Das 1881 gegründete Warenhaus Loeb beschäftigt rund 300 Mitarbeiterinnen und Mitarbeiter und erwirtschaftete 2019 knapp 75 Millionen Franken Umsatz.

SRF News: Sie können Ihre Geschäfte wieder öffnen – sind Sie aufgeregt?

Nicole Loeb: Es sind gemischte Gefühle. Ich weiss nicht, was uns erwartet, schliesslich haben wir die Geschäfte für acht Wochen schliessen müssen. Ich bin auch etwas beunruhigt und frage mich, ob die Kunden wirklich kommen werden.

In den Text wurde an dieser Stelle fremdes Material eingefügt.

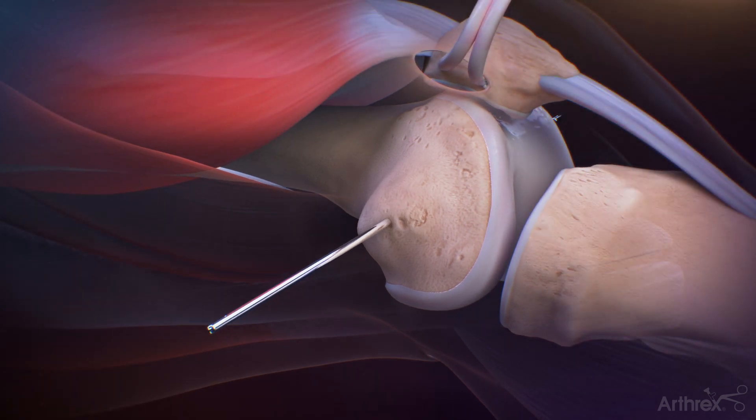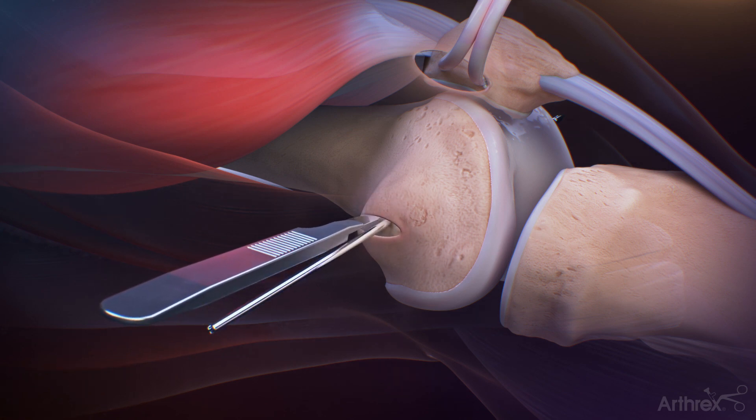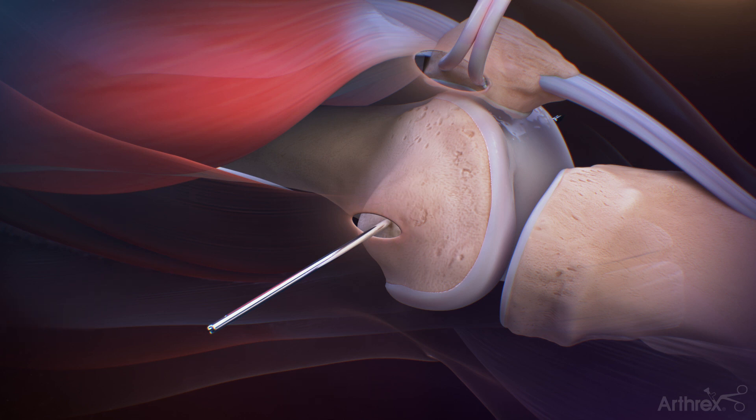Identify the space between the vastus medialis and the capsule and bluntly dissect towards the femoral insertion area with a scissor, leaving the capsule intact. A 1 cm longitudinal incision is made at the level of the 2.4 mm guide pin.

Als der Bundesrat entschied, dass die Geschäfte schliessen müssen: wie war das für Sie?

Es war schwierig. Uns wurde die Luft zum Atmen abgestellt. Mit Kunden, die in unsere Geschäfte kommen und etwas kaufen, verdienen wir unser tägliches Brot. Von einem Tag auf dem anderen war das nicht mehr möglich. Unglaublich!

Uns wurde die Luft zu Atmen abgestellt.

Zudem waren wir für die Situation nicht verantwortlich. Sie wurde von aussen an uns herangetragen. Wir fühlten uns nicht überfordert, aber manchmal hilflos.

Es sind nicht einfache Zeiten, gerade für den Detailhandel. Wie schwierig ist es aus Ihrer Sicht wirklich?

Der Detailhandel ist in einer Krise, und zwar schon lange bevor die Coronapandemie kam. Umsätze wandern ins Internet ab; es gibt Geschäfte, die schliessen müssen. Wir versuchen, ein Einkaufserlebnis zu bieten und so mitzuhalten. Wir haben in letzter Zeit viel Geld investiert, unter anderem in einen Kinderhort oder ein Nähkaffee.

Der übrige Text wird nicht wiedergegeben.